One of his first decisions was to forgo the use of a stable set of musicians. Instead, Dylan recorded with an eclectic mix of studio professionals. An aborted session with Al Green's band was held at Intergalactic Studios on July 24, 1984. A session with Ronnie Wood (formerly of Faces and currently with The Rolling Stones), Anton Fig (best known as the drummer for David Letterman's house band), and John Paris was held at Delta Sound Studios on July 26.

The Delta session produced two notable tracks: "Driftin' Too Far from Shore" and "Clean Cut Kid". The former was set aside and would not be finished until 1986, when Dylan recorded his next album, Knocked Out Loaded. The latter had originally been recorded during the Infidels sessions in 1983, but was not completed until now.

Wood later described his surprise at Dylan's lack of authority during the mixing process. "[The engineers would] say, 'Hey Bob, we don't need this,' and he'd say, 'Oh, okay.' And they'd make a mix to their ears, and he'd just stand outside and let them do it. And I'd be saying, 'Hey! You can't let these guys...Look!! They've left off the background vocals!' or 'What about the drums?!' But there would be something going on in the back of his head which didn't allow him to interfere. And yet if he'd have gone into the control room with the dominance that he had while we were cutting the stuff, it could have been mind-bending."

During one session between July and September 1984 (at the Power Station), Dylan demoed a song called "Go 'Way Little Boy", with Ron Wood and "cowpunk" rockers Lone Justice. Dylan and Wood also played on Lone Justice's version of "Go 'Way Little Boy", which was recorded at the same session and was ultimately released as a B-side to their single "Sweet Sweet Baby (I'm Falling)". A blues number entitled "Oh Baby" was also recorded with the same lineup but has never surfaced.

In terms of his own album, the New York sessions had so far been fairly unproductive. After six months of work, Dylan had only a few recordings that were deemed acceptable, and only two of these would eventually appear on Empire Burlesque. "Sometimes nothing comes out, and other times I get a lot of stuff that I keep," Dylan said at the time. "I just put down the songs that I felt as I wanted to put them down. Then I'd listen and decide if I liked them. And if I didn't like them I'd either rerecord them or change something about them." In November, Dylan returned to Los Angeles and began recording there.

An early session at Ocean Way Studios produced little if any work that was used for Empire Burlesque. Much time was spent covering other artists’ songs, including “In the Summertime” by Ray Dorset (not to be confused with Dylan's own song of the same name), "Freedom for the Stallion" by Allen Toussaint and “Help Me Make It Through The Night” by Kris Kristofferson.

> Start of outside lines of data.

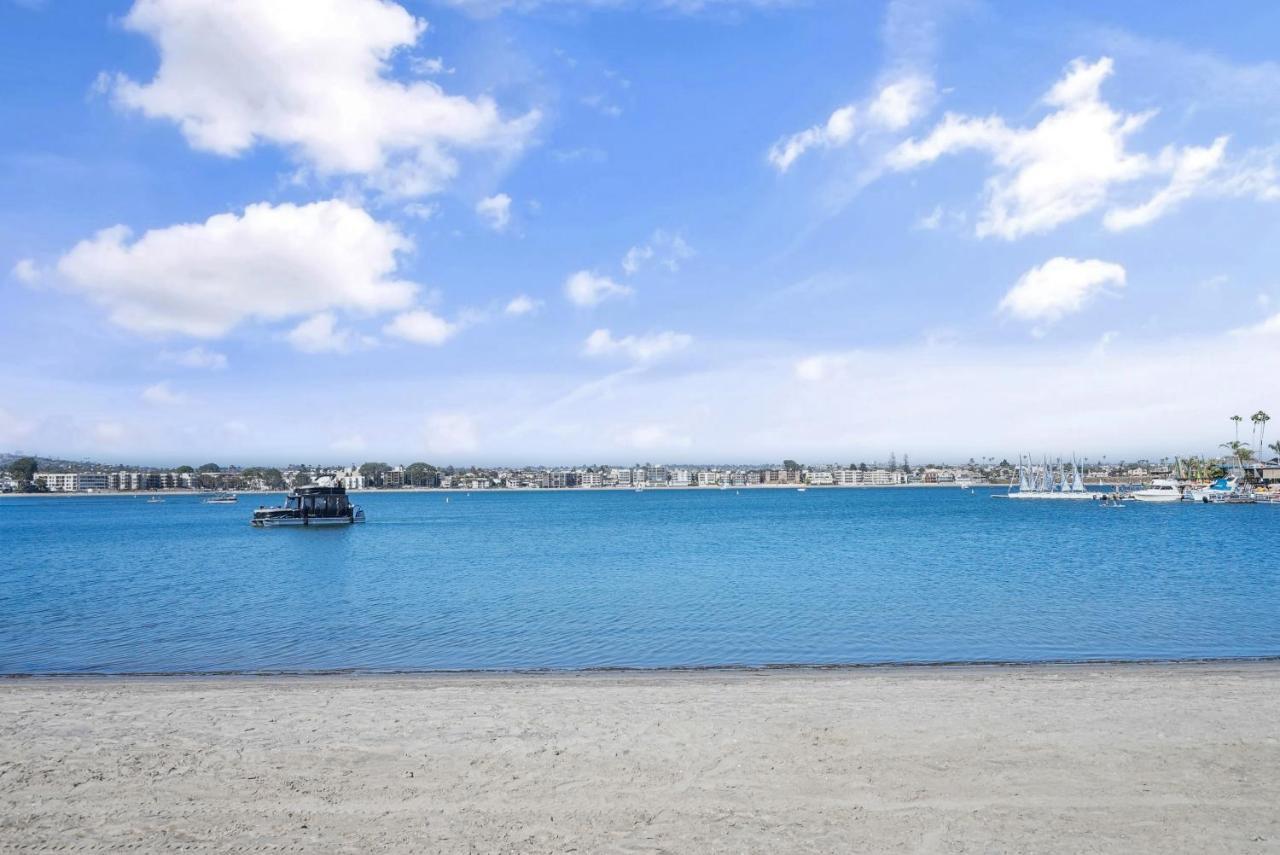 Mission Bay Condo - Steps To Sand, Dining, Ac, Parking & Shops! San Diego Bagian luar foto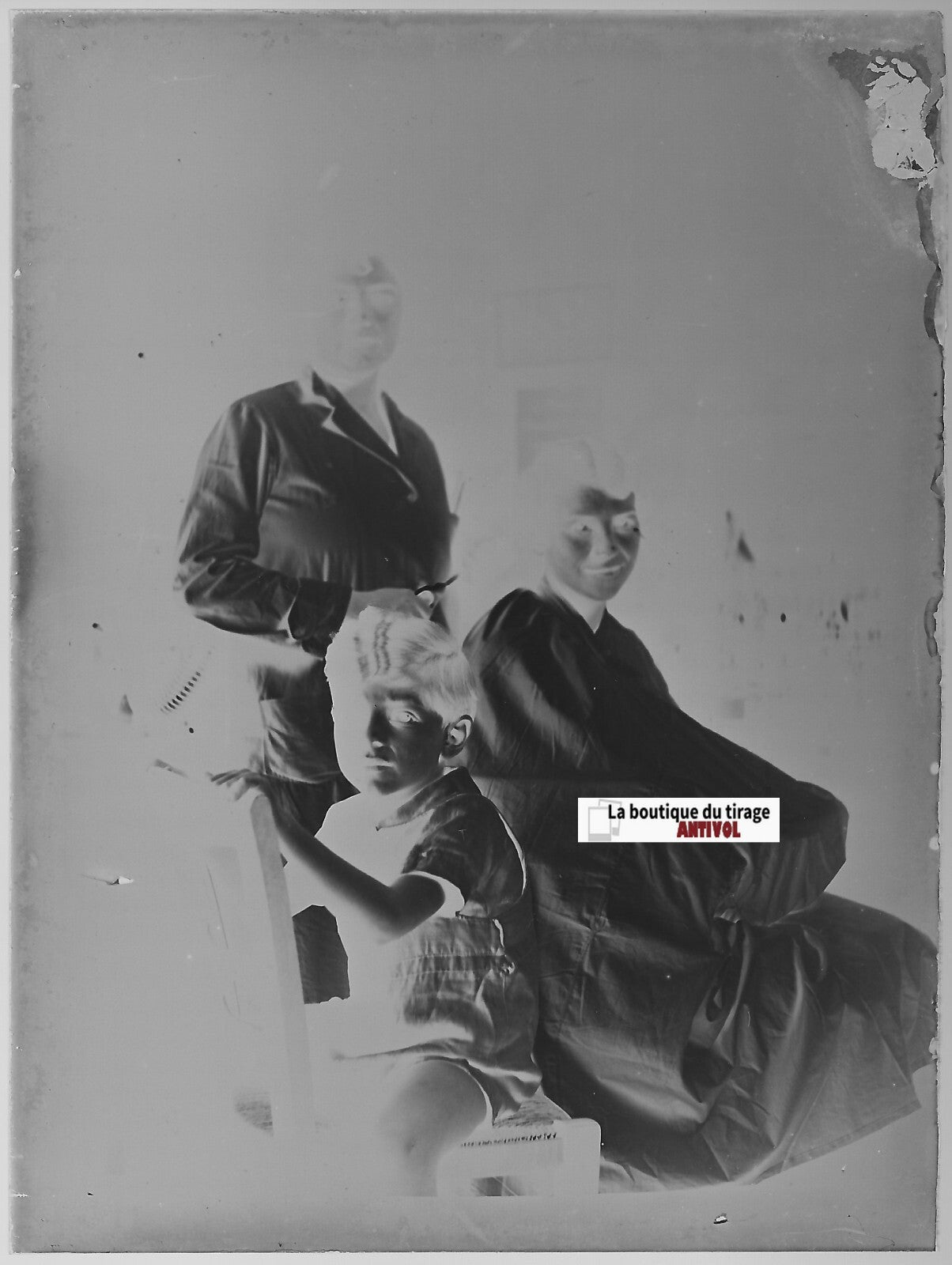 Famille, coiffeur, Plaque verre photo ancienne, négatif noir & blanc 9x12 cm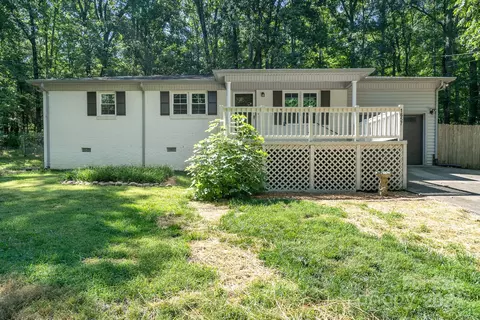 1657 University Park Dr, Lancaster, SC 29720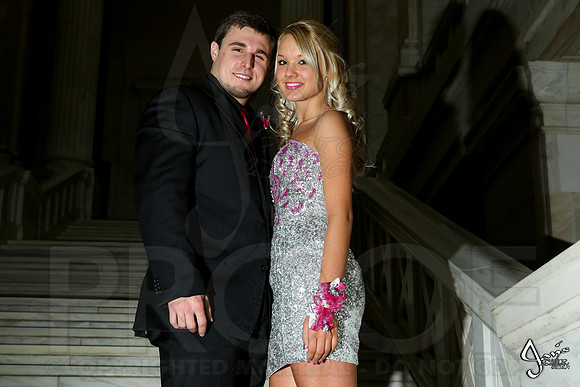 Prom pictures (Maria Vest) 4-11-2014 (© Justin Manning) JWM_0052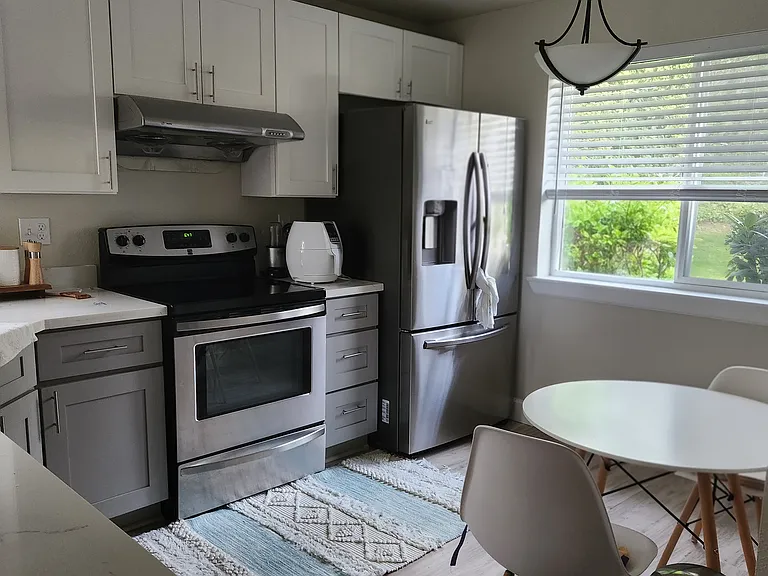 833 SW Sunset Blvd — Photo 8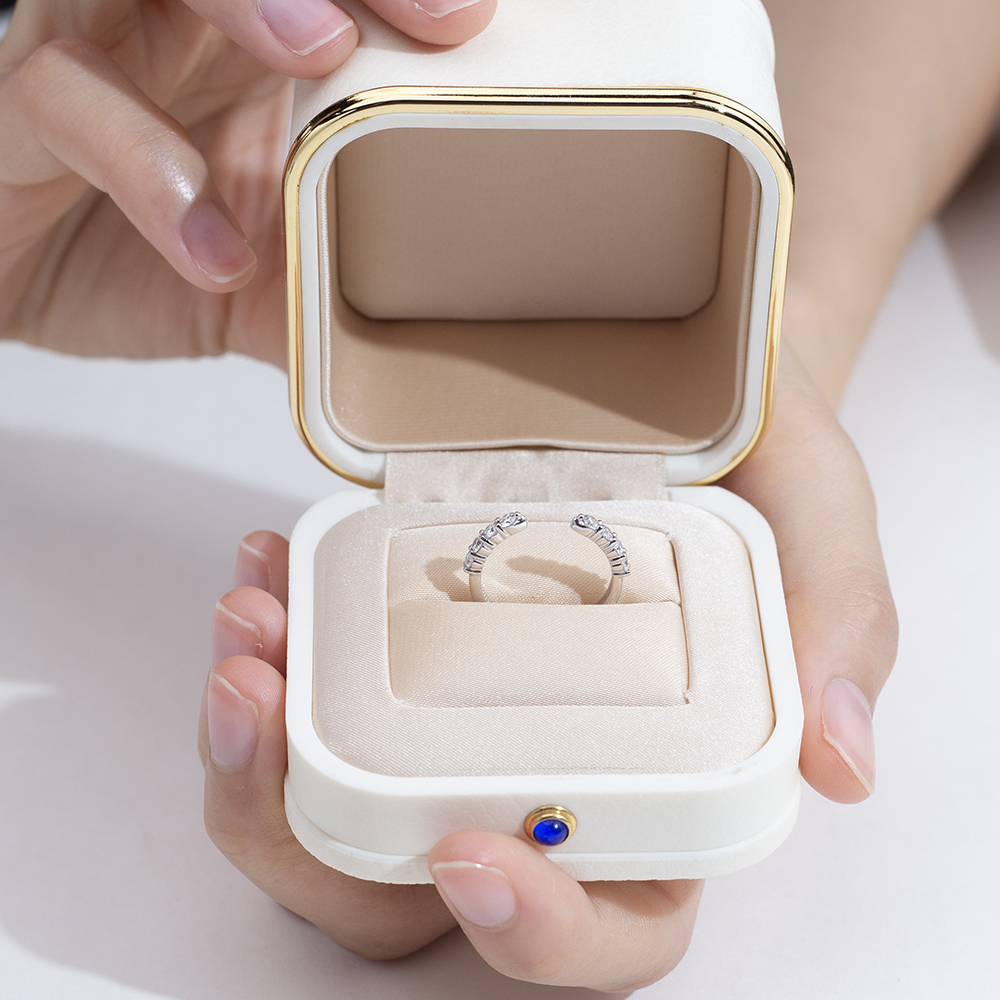 MissDiamond Lab Grown Diamond Platinum Cluster Ring MSR-2074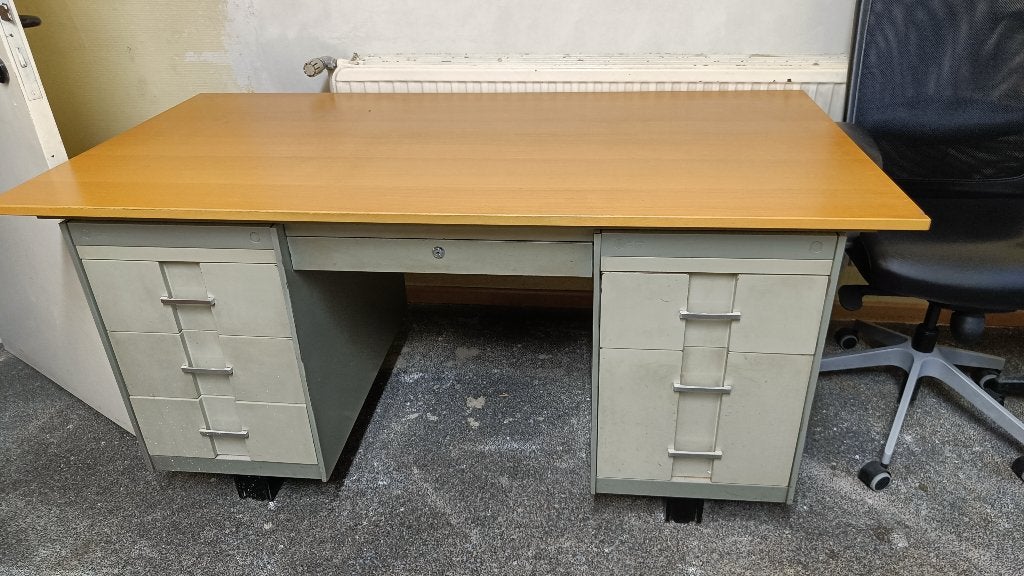 metalen werkbank of bureau met houten blad, Doe-het-zelf en Bouw, Ophalen, Gebruikt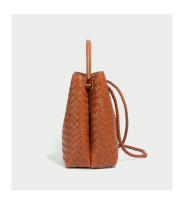 Nuevo Bolso popular Bolso de mano tejido con hebilla de cuerda de metal Bolso de hombro Bolso de mujer retro de gran capacidad átil - details 11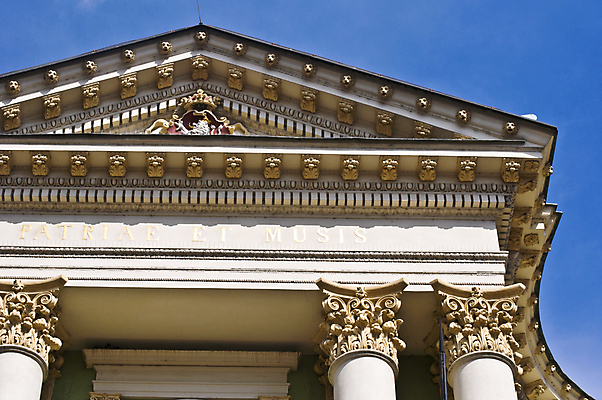 포토 JPG 해외이미지 유럽 얼굴 벽 건축양식 창문 이야기 미술 사람없음 건물 장식 컬러풀 도시 화려 재산 극장 묘사 정사각형 체코 프라하 타운 공화국 바로크 해외202004 해외포토 도형 건축물 건축 나라 컬러 컨셉 문화예술 신체부위 금융 파일형식 이미지허브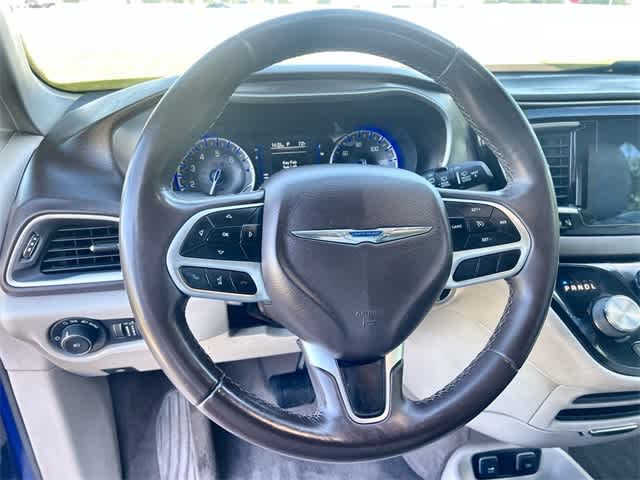 2018 Chrysler Pacifica Touring L 17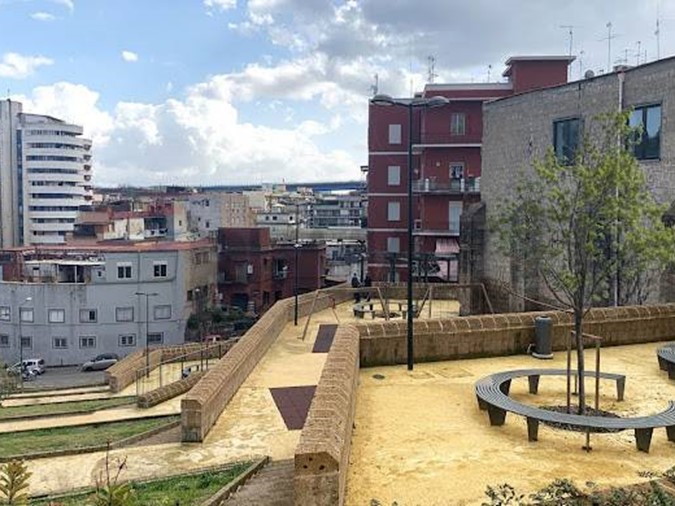 Quadrilocale in Vendita a Napoli, 159'000&euro;, 90 m²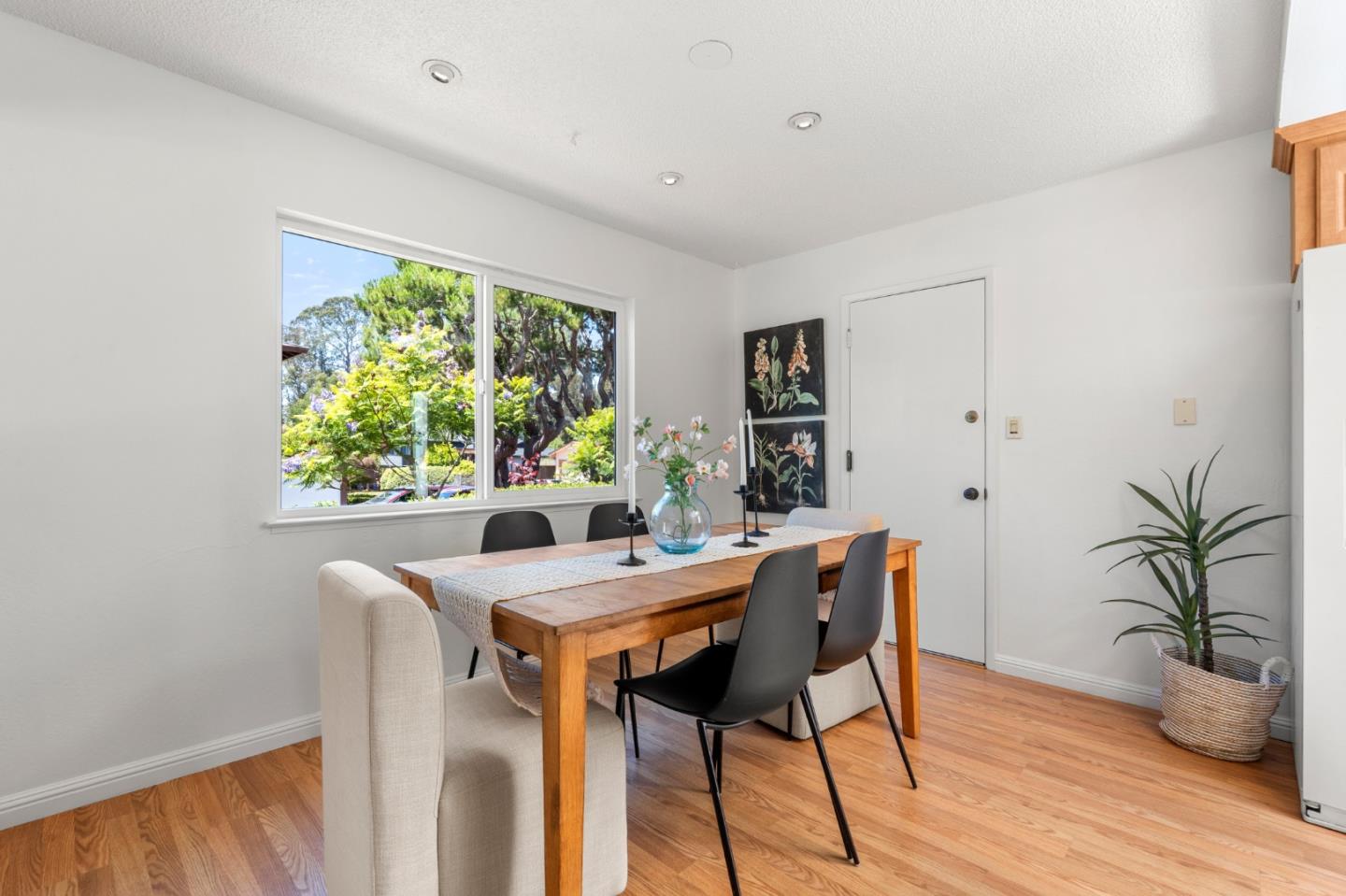 Detail Gallery Image 19 of 49 For 221 Segre Pl, Santa Cruz,  CA 95060 - 3 Beds | 2 Baths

Work became much more productive when Dylan continued work at Cherokee Studios in Hollywood. Recruiting Lone Justice drummer Don Heffington for the early December sessions, Dylan recorded an ambitious song he had co-written with playwright Sam Shepard, titled "New Danville Girl", as well as another song. Acceptable takes were recorded for both songs, though, despite positive feedback from his peers, Dylan ultimately omitted "New Danville Girl" from Empire Burlesque.

Regardless, he also found success on the next song, "Something's Burning, Baby", recorded at Cherokee on December 14. Benmont Tench, Mike Campbell and Howie Epstein, from Tom Petty's Heartbreakers, joined Heffington for the session.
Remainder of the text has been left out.